Entre seus objetivos, está o de “firmar alianças com os construtores de uma nova sociedade”. Quem são esses “construtores” e como seria essa “nova sociedade”, o Cimi não esclarece, deixa a cargo da nossa imaginação... Mas suponho que o “horizonte do Reino de Deus” justifica tudo, até mesmo rasgar a Constituição, abolir o direito de propriedade e apelar para a luta armada contra o sistema capitalista, na curiosa interpretação messiânica dos dirigentes do Conselho Indigenista Missionário.

Retórica muito semelhante, se não idêntica, é utilizada pelos apologistas do marxismo-leninismo, o que me faz desconfiar que o Cimi tem com eles uma estreita afinidade, e não vê o menor problema em orar a Deus enquanto ergue um altar a Marx e Lênin.

Um terceiro aspecto a ser considerado diz respeito à segurança nacional. Como alertou o embaixador Rubens Barbosa, em artigo publicado no jornal O Estado de S. Paulo, o Brasil ratificou a Declaração dos Direitos dos Povos Indígenas, em setembro de 2007.

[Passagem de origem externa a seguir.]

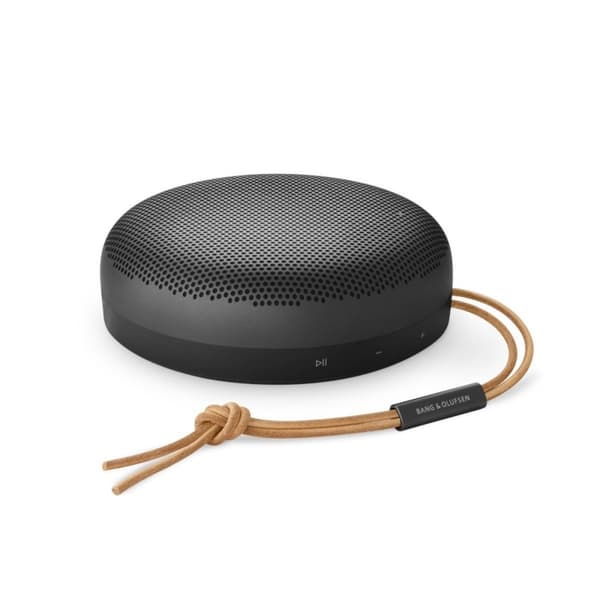 B&O Play Bang & Olufsen BeoSound A1 - 2. generasjon - Svart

Trata-se de um documento negociado nas Nações Unidas durante quase 15 anos, e aprovado com os votos contrários do Canadá, Estados Unidos, Austrália e Nova Zelândia, países com grandes populações indígenas. Em seu voto, o governo australiano ressaltou que a Declaração punha em perigo a integridade territorial do país e outorgava às populações indígenas direitos que conflitam com o marco constitucional dos países democráticos.

A Declaração confere aos índios o direito de autonomia e autogoverno em assuntos internos e locais, direito a uma nacionalidade, que não precisa ser a brasileira, proíbe atividades militares nos territórios indígenas sem prévia consulta a seus habitantes, e permite contatos e cooperação, inclusive de caráter político, com povos indígenas de países fronteiriços. Ratificamos essa Declaração, apesar de estar em flagrante conflito com a Constituição brasileira, que estabelece em seu art. 22 a competência privativa da União para legislar sobre assuntos indígenas.

A Reserva Raposa Serra do Sol tem 1 milhão 747 mil hectares, em faixa contínua, uma área quase do tamanho de Santa Catarina, na fronteira com a Venezuela e a Guiana, países que estão em litígio exatamente naquela região, rica em recursos minerais e despovoada. Além disso, é rota de traficantes de drogas.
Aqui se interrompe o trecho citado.